Today, Overstock.com trades for 3.5x 2006 gross profit, compared to TJMaxx at 2.8x and Amazon at 10x. Amazon and Overstock are not comparable businesses at the moment and we would argue, even at scale, Amazon's model is preferable given the differences in inventory risk in the respective core businesses. Overstock takes real risk with its inventory and Amazon, for the most part, does not. However, a comparison to Amazon does not even maintain relevance at present. Overstock is fighting to attain a level in which its business can become self-funding. The transition from the "grow at any cost" mentality to a more disciplined approach to growth can be and is turning out to be sloppy.
That said, Overstock today trades at a 25% premium to TJMaxx on a multiple of gross profit which we believe to be a fair multiple differential given the differences in the stages of maturity.

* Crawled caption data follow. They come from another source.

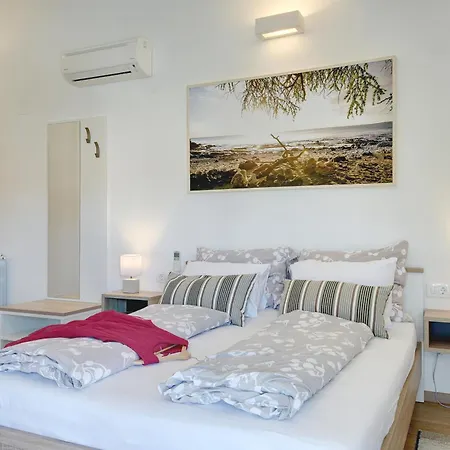 Klen For 15 People Near With Jacuzzi And Children Playgorund Villa Pula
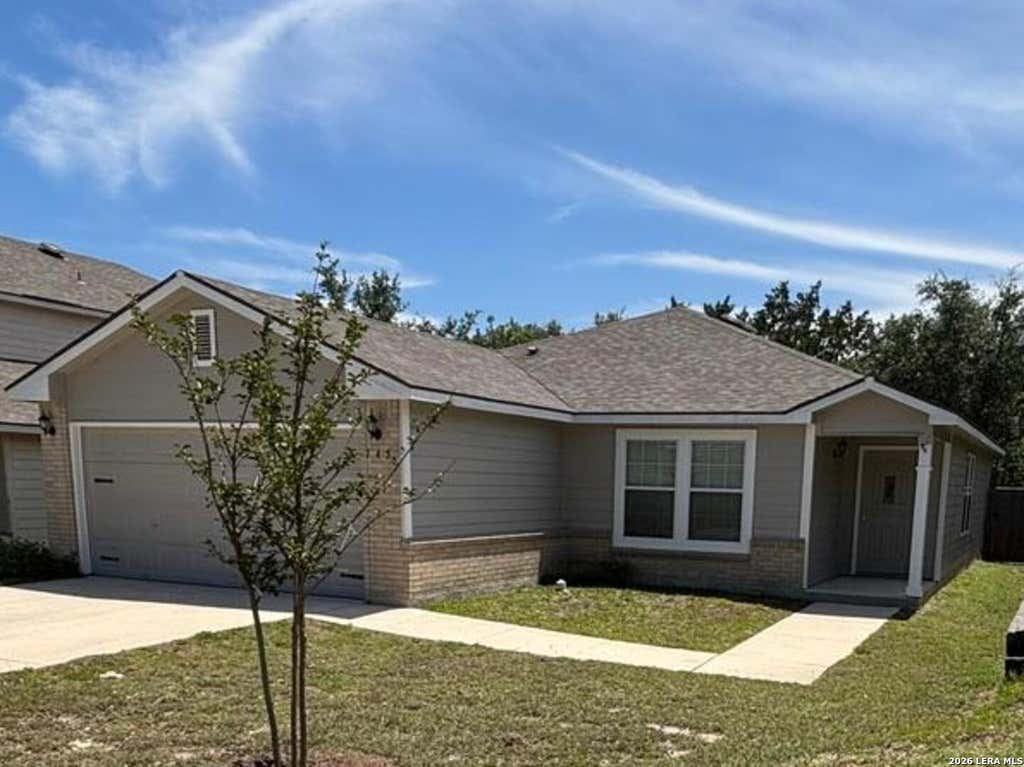 Photo of 145 Michelle Ln, Boerne, TX 78006 (MLS # 2009306)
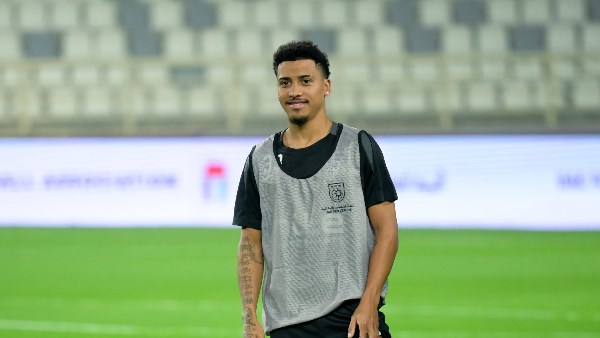 أفضل مهاجم بلا منازع.. إعلامي يثني على أداء خوان بيزيرا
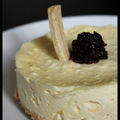 Cheesecake Frenzy - Cheesecake salé aux fromages de <b>chèvre</b> et à la confiture d’olives noires au citron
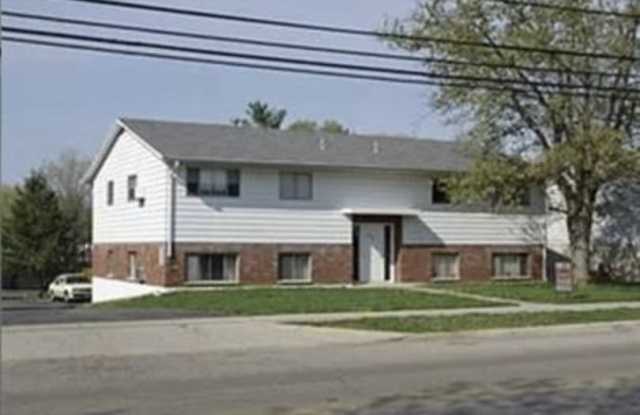 908 West Lake Avenue - 4 photos photos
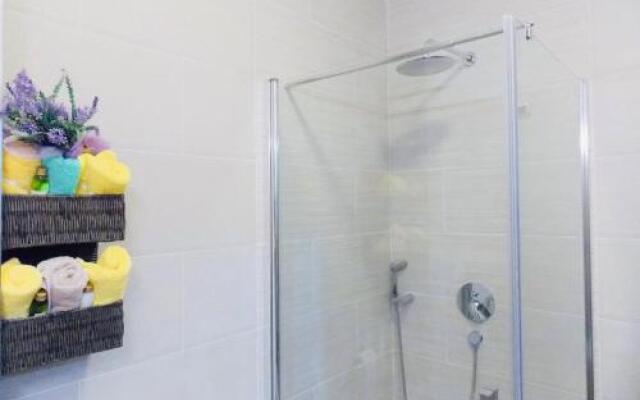 Apartment Divina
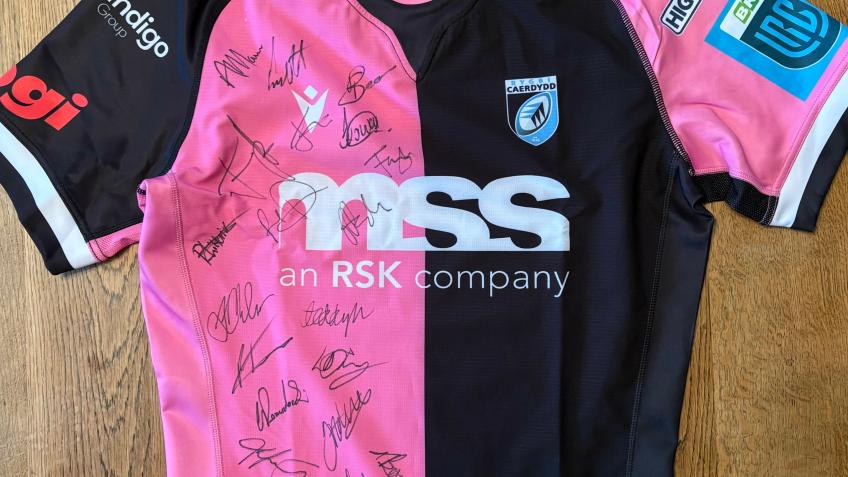 Win Cardiff Rugby Shirt Signed by 24/25 1st Squad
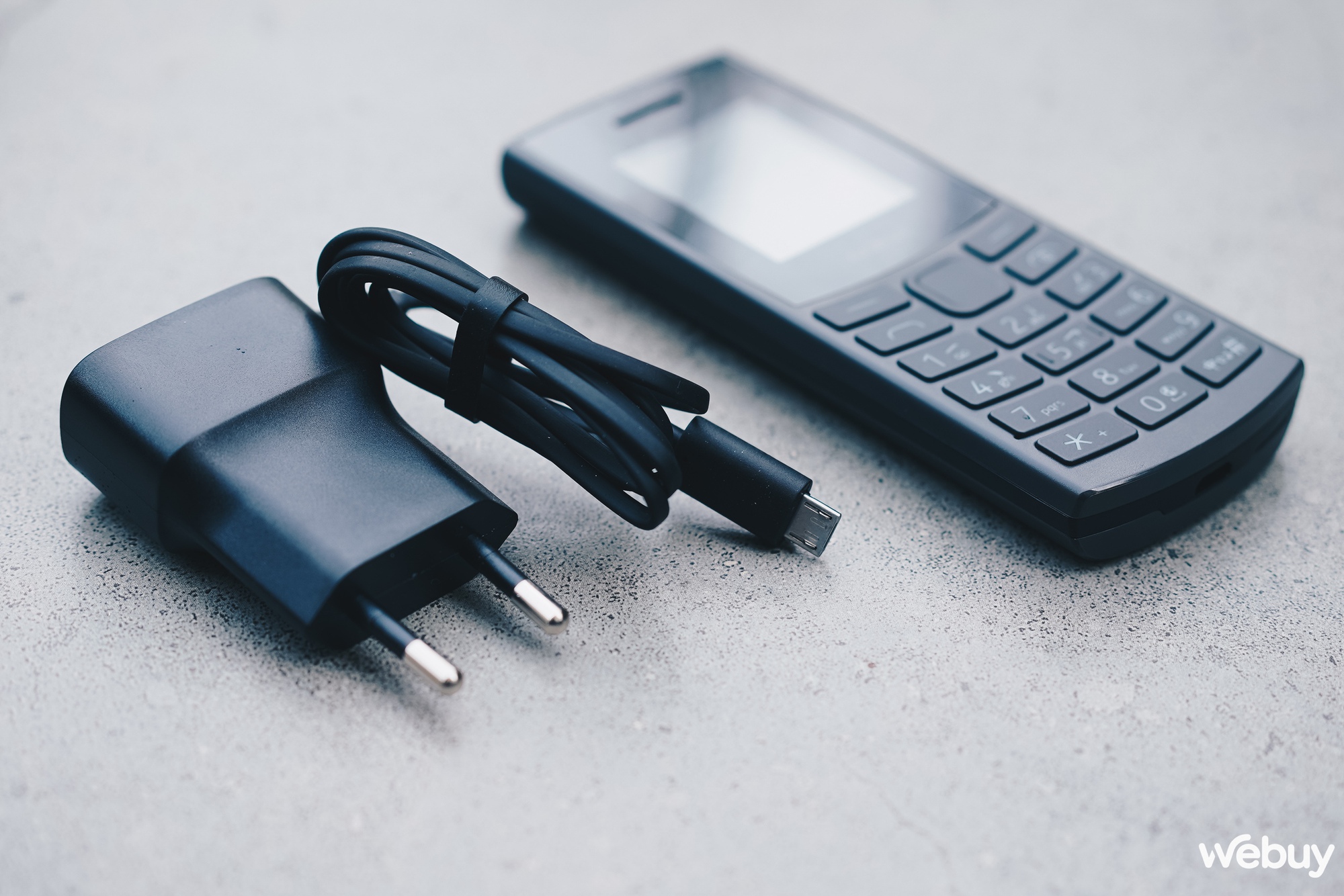 Đánh giá Nokia 105 4G Pro - điện thoại "cục gạch" bán chạy nhất tại Việt Nam: Vào được Facebook, có cả Bluetooth... nhưng để làm gì? - Ảnh 2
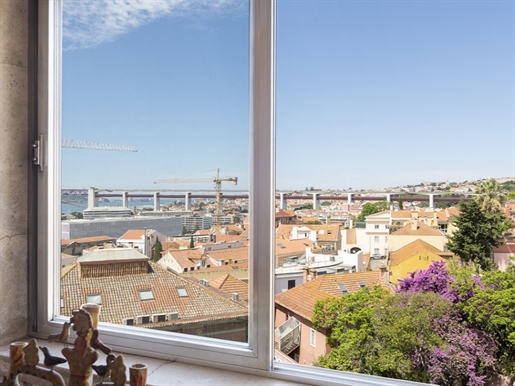 Three bedrooms apartment with river view, Av. Infante Santo, Lisbon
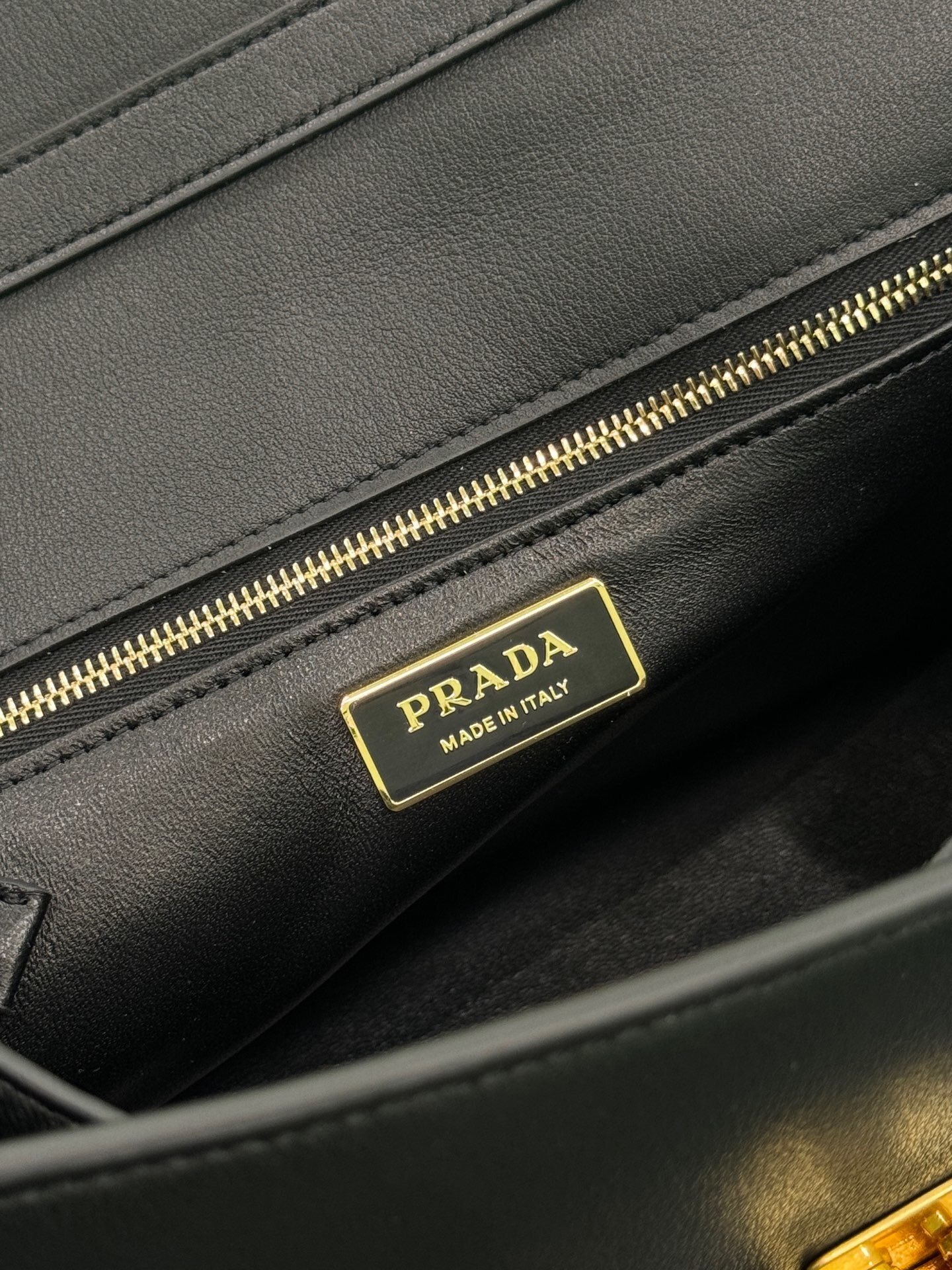 PRADA 0120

We believe Overstock has both execution risk and liquidity risk; however, if the company makes it through this transition we think the shares would prove to be undervalued.
Given the way discount rates account for the two aforementioned risks, we believe the shares to be fairly valued at current levels. We continue to monitor cash ($112 million), inventory ($92 million w/ a 5% reserve), and cash flow ($-6 million from ops and $-44 million in capex in 2005) against revenue growth (24% in 2006), gross profit margin (15.6% in 2006), and sales and marketing (8% in 2006). As with any business that has not reached scale and sustained profits, an investment in Overstock carries a significant amount of risk, in our view.